To determine whether the differential inhibition of RL-6xB mRNA expression might be the result of its faster degradation relative to control mRNA, we examined mRNA decay by measuring the integrity of uniformly labeled mRNAs. Both RL-6xB and RL decayed with similar kinetics during translation for up to 40 min of incubation, which indicated that degradation could not account for the differences in translation at the early time points (Fig. 2C). A 13% (±2) difference in stability between RL and RL-6xB mRNAs was observed at 1 hour (Fig. 2C, top). This difference in mRNA stability was abolished when anti–let-7 2′-O-Me was included in the reaction (Fig. 2C, bottom). These results indicate that mRNA degradation is not responsible for the inhibition of translation mediated by let-7 seen at early times.

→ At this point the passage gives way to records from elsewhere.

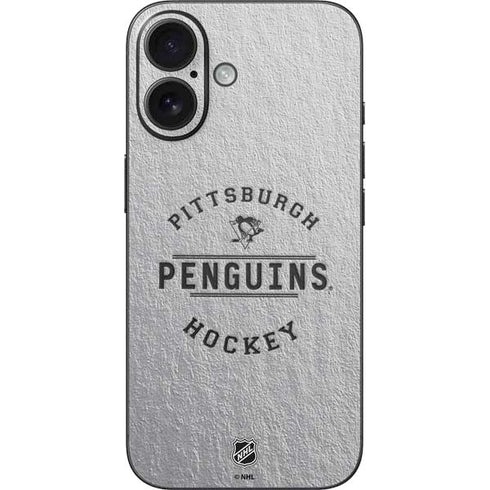 NHL Pittsburgh Penguins Black Text iPhone 16 Skin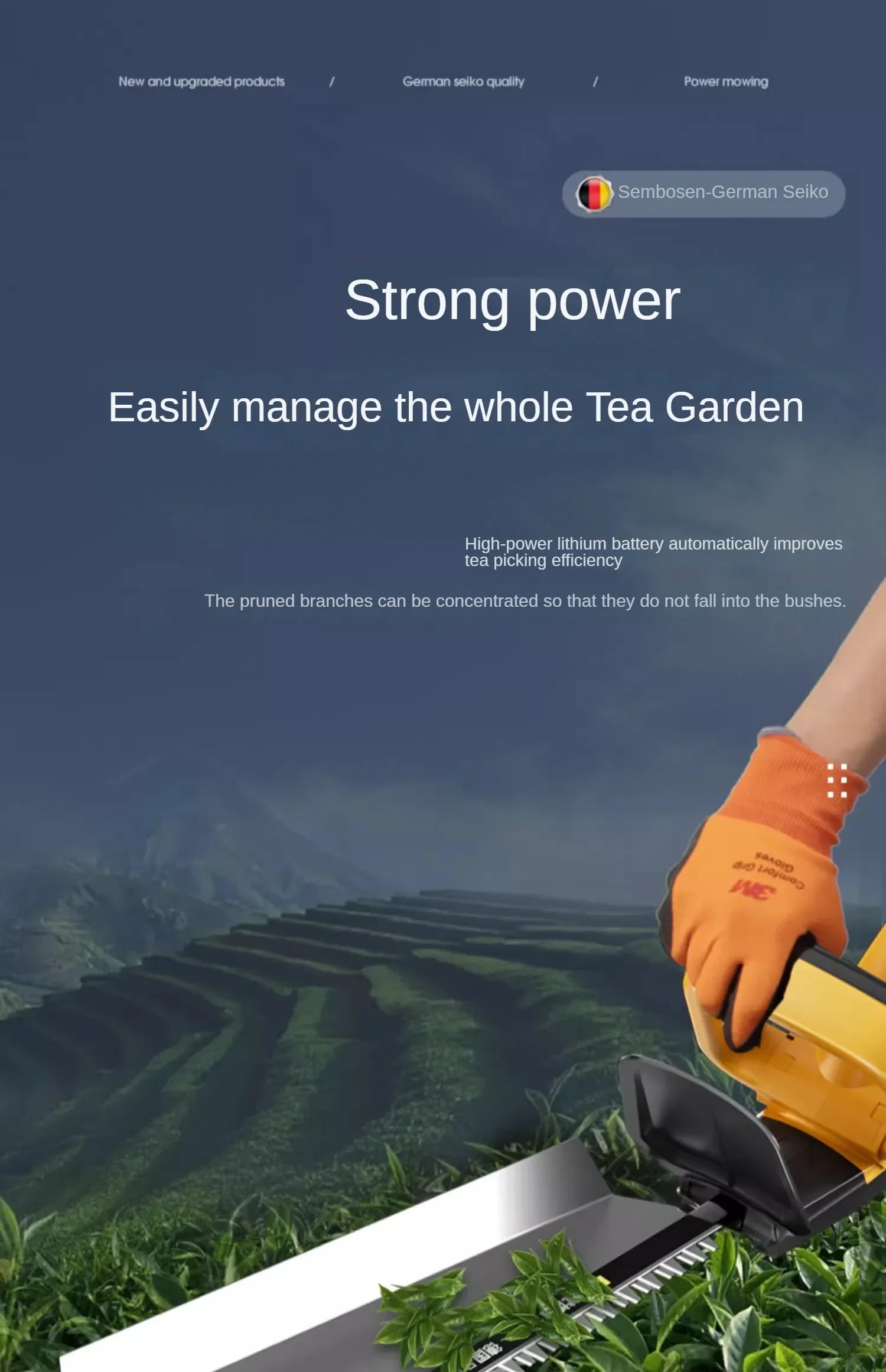 Cordless Electric Hedge Trimmer with Pruner and Shears for Garden and Lawn Maintenance A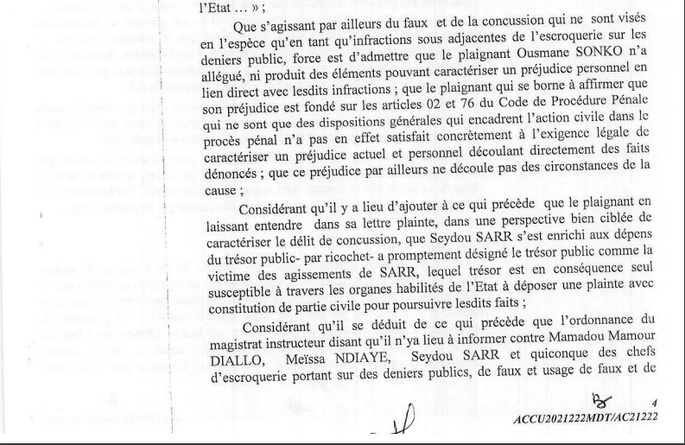 Tahirou Sarr et consorts sur l’affaire des 94 milliards de FCfa Tahirou Sarr et consorts sur l’affaire des 94 milliards de FCfa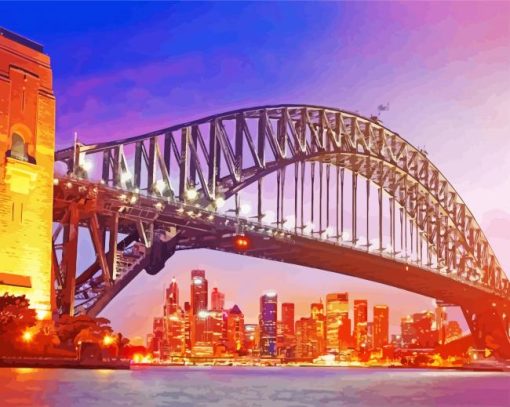 Sydney Harbor Bridge Diamond Painting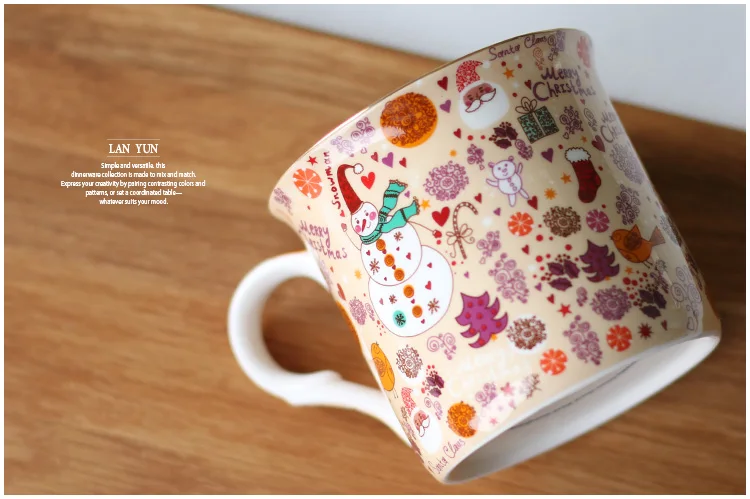 Рождественская кружка с скандинавской иллюстрацией изысканный подарок чашка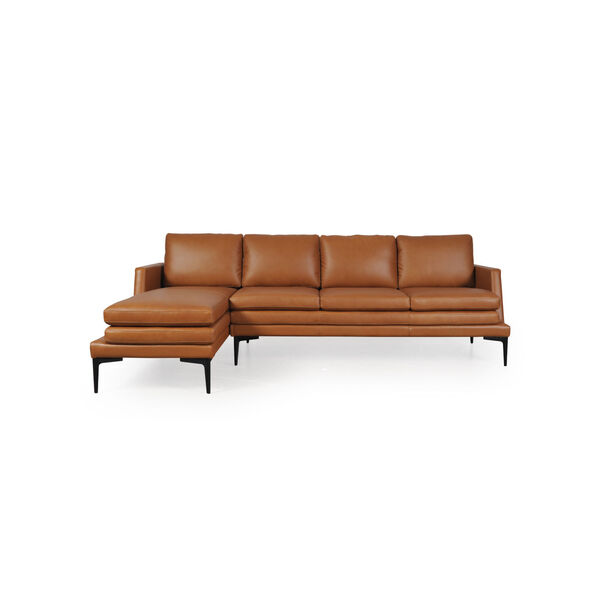 Uptown Tan Full Leather Sectional Sofa, image 1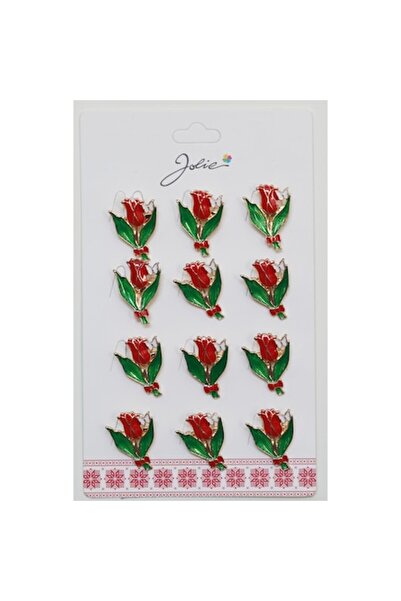 Danex Set of 12 Martisor Brooches - Spring Tulip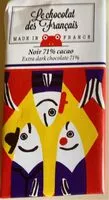 Mängden socker i Chocolat noir 71%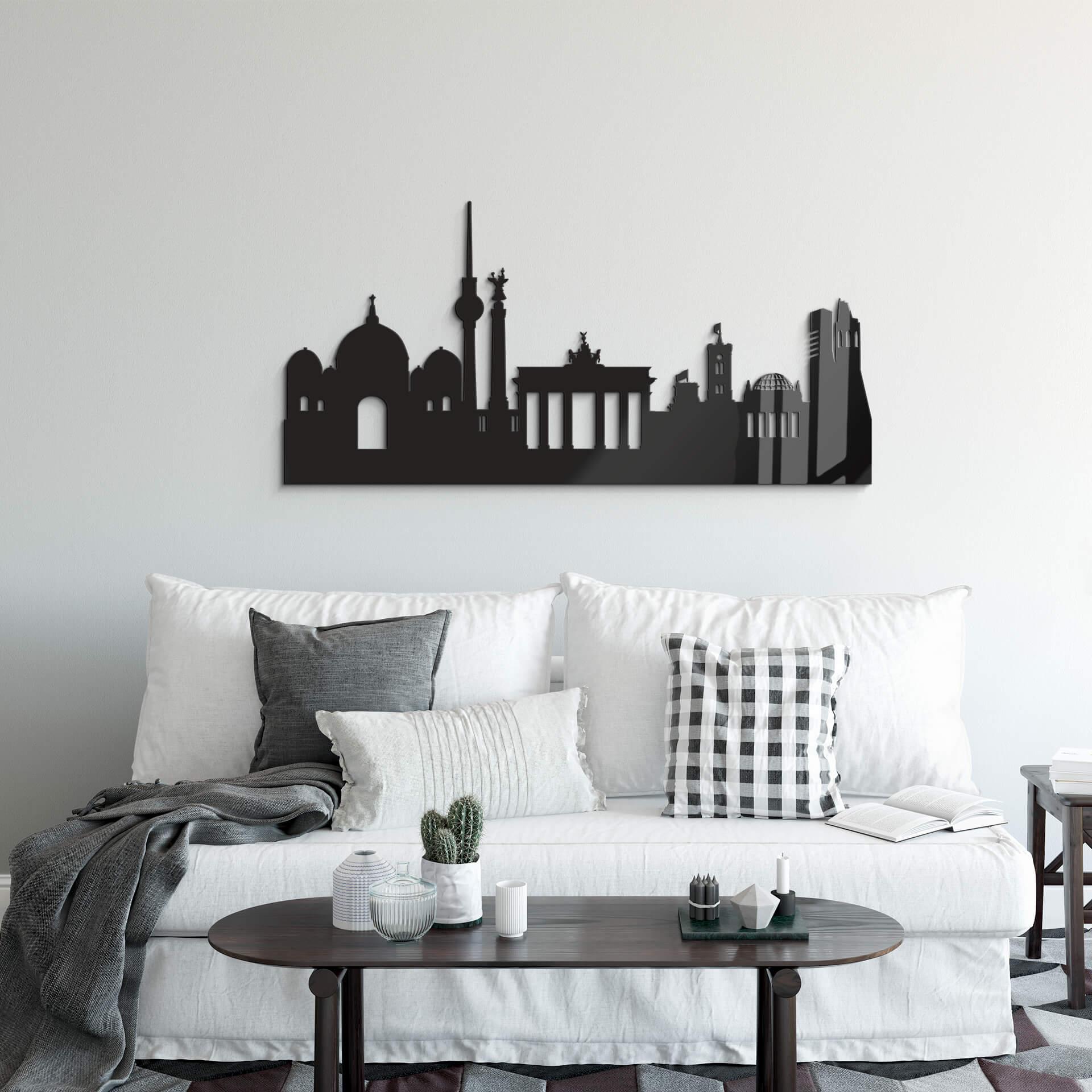 Decoración acrílica skyline Berlín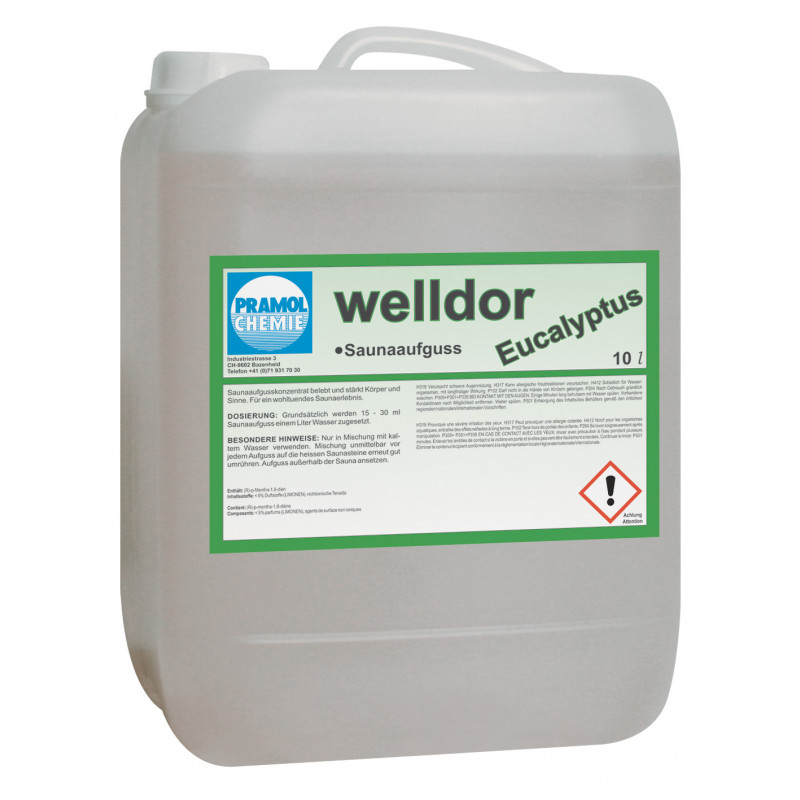 welldor eucalyptus 1 l - Saunaaufguss Eucalyptus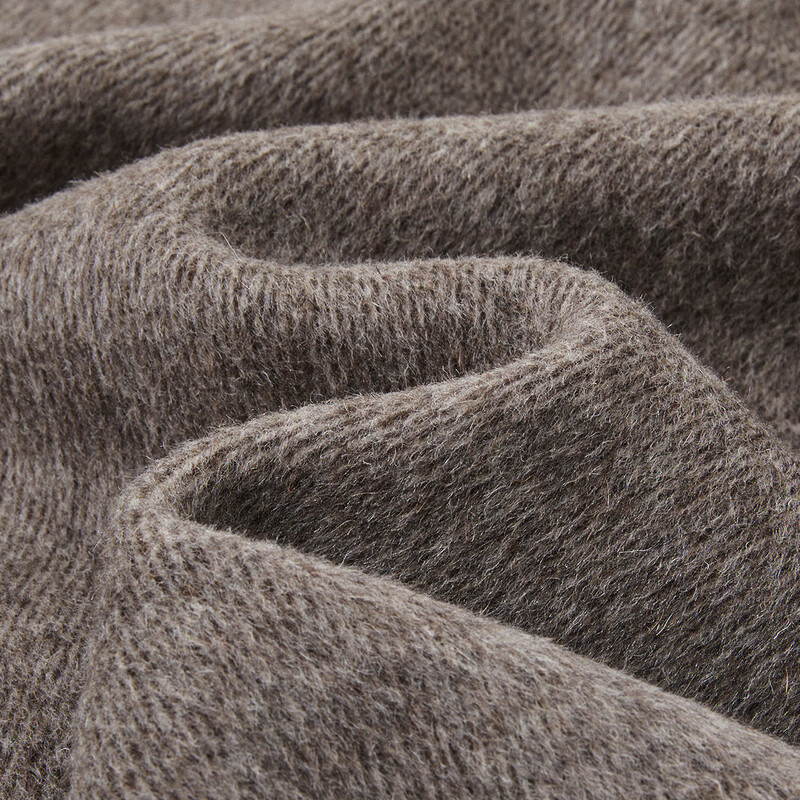 Demana Sheep Wool Camel Blended Winter Urban Simple Quiet Luxury Hooded Stand Collar Loose Double-sided Wool Coat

A salient advantage of the in vitro translation extract over the published in vivo systems is that the step of translation that miRNAs inhibit can be precisely determined. Thus, we examined 80S ribosomal complex formation by performing glycerol gradient centrifugation. At 10 min of incubation, after preincubation at 16°C for 20 min [resulting in 50% inhibition of translation (Fig. 2B)], formation of the 80S complexonthe RL-6xB mRNA was reduced by about half when compared with RL, and this inhibition was almost fully relieved in the presence of anti–let-7 2′-O-Me (Fig. 3). These results demonstrate that let-7 miRNA rapidly inhibits ribosome recruitment to the mRNA.

Fig. 3.

let-7 miRNA inhibits ribosome binding. Ribosome binding assay of RL and RL-6xB mRNAs in the absence (left) or presence of anti–let-7 2′-O-Me (middle). Ascites extract was preincubated at 16°C for 20 min, followed by a 10-min incubation at 30°C. The position of the 80S ribosomes was determined by recording absorbance at 254 nm. mRNA concentration was 0.03 nM. The right panel represents the percentage of the area under the 80S peak, calculated from three independent experiments, relative to RL. The number of counts per minute in each fraction was normalized to correct for differences in total cpm recovery between RL and RL-6xB gradients. (Right) Values represent means ± SD for n = 3.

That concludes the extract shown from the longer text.